Machine learning with Spark
Apache Spark is an open-source cluster-computing framework that serves as a fast and general execution engine for large-scale data processing jobs that can be decomposed into stepwise tasks, which are distributed across a cluster of networked computers.
Spark improves on previous MapReduce implementations by using resilient distributed datasets (RDDs), a distributed memory abstraction that lets programmers perform in-memory computations on large clusters in a fault-tolerant manner.
Fusion manages a Spark cluster that is used for all signal aggregation processes.
See Machine Learning Jobs for details about each pre-defined machine learning job in Fusion.

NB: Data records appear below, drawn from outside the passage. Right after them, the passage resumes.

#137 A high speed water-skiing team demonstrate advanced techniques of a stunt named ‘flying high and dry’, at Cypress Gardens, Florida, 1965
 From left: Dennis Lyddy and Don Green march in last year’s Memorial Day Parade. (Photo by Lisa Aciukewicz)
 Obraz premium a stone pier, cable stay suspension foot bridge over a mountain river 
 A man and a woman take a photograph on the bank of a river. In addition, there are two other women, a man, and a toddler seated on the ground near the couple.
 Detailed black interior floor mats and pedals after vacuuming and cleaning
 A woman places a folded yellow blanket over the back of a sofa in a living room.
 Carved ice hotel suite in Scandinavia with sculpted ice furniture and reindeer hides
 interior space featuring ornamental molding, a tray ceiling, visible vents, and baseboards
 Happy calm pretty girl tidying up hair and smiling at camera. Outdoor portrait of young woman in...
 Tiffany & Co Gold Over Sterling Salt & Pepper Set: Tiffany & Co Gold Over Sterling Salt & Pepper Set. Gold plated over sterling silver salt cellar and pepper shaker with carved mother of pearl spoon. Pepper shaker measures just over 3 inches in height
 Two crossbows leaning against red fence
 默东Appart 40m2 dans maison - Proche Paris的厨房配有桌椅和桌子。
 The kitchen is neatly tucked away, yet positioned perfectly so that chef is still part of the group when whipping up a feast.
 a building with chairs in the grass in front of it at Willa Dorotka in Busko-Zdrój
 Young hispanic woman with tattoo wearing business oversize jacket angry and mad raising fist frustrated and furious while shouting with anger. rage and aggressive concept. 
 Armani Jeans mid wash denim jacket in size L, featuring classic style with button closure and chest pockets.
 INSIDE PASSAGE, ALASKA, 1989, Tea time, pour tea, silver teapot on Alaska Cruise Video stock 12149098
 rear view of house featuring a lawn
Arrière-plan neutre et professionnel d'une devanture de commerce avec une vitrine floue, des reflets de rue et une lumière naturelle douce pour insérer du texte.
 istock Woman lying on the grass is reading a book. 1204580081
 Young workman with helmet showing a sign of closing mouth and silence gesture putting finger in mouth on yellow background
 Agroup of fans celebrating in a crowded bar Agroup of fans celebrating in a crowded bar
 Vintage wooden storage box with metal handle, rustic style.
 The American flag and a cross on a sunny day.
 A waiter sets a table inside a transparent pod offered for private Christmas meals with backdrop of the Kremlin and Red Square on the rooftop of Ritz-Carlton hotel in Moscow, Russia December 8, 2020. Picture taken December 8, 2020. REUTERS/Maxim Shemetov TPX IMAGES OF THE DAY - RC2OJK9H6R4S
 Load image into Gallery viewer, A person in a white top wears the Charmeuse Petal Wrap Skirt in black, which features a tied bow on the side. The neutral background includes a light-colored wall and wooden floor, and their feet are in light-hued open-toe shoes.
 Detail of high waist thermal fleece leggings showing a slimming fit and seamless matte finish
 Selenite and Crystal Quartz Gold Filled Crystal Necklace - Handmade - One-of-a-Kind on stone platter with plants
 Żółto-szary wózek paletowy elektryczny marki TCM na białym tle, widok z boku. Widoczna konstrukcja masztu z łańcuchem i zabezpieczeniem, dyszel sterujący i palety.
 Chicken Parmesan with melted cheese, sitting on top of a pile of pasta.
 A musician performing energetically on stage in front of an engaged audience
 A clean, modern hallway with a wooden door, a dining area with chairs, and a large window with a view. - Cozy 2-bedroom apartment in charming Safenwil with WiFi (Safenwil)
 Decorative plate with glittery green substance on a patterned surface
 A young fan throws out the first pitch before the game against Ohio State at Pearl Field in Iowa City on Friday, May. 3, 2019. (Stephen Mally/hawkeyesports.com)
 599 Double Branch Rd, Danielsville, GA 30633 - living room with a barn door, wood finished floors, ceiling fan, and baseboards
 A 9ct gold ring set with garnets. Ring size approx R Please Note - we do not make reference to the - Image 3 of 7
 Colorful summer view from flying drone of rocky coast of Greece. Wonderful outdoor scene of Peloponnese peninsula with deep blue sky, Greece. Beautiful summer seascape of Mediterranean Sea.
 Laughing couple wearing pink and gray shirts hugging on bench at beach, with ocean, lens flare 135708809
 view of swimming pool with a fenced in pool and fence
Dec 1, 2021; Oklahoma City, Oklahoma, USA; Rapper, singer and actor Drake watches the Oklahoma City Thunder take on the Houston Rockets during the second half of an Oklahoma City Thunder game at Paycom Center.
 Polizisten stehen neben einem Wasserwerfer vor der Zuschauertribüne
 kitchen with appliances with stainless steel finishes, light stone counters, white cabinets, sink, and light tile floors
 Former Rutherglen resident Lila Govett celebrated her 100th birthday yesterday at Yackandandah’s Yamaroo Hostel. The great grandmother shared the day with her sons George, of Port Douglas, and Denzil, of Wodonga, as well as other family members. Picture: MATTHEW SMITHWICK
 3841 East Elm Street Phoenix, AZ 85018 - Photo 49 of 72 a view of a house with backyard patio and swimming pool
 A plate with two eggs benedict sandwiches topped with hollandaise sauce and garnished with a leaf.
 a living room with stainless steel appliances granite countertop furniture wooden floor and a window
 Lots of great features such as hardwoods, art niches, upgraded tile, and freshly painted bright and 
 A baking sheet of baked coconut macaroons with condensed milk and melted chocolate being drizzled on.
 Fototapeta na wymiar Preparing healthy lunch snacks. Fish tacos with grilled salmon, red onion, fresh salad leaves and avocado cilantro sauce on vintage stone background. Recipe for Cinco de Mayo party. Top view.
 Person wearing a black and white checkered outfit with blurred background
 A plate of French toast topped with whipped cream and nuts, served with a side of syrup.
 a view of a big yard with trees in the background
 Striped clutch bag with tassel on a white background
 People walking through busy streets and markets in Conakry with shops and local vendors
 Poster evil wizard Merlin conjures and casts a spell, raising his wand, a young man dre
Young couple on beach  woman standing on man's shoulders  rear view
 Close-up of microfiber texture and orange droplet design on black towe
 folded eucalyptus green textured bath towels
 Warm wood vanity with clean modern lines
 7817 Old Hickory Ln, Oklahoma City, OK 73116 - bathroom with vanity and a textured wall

Spark in Fusion on Kubernetes
Spark in Fusion On-Prem
These topics provide information about Spark administration in Fusion Server on premises:
Spark Components – Spark integration in Fusion, including a diagram
Spark Getting Started – Starting Spark processes and working with the shell and the Spark UI
Spark Driver Processes – Fusion jobs run on Spark use a driver process started by the API service
Spark Configuration – How to configure Spark for maximum performance. The article also provides information about ports, directories, and configuring connections for an SSL-enabled Solr cluster.
Scaling Spark Aggregations – How to configure Spark so that aggregations scale
Spark Troubleshooting – How to troubleshoot Spark
The Data Science Toolkit Integration (DSTI)
Beginning with Fusion 5.0, data scientists and machine learning engineers can deploy end-user-trained Python machine learning models to Fusion using the Data Science Toolkit Integration (DSTI). This offers real-time prediction and seamless integration with query and index pipelines.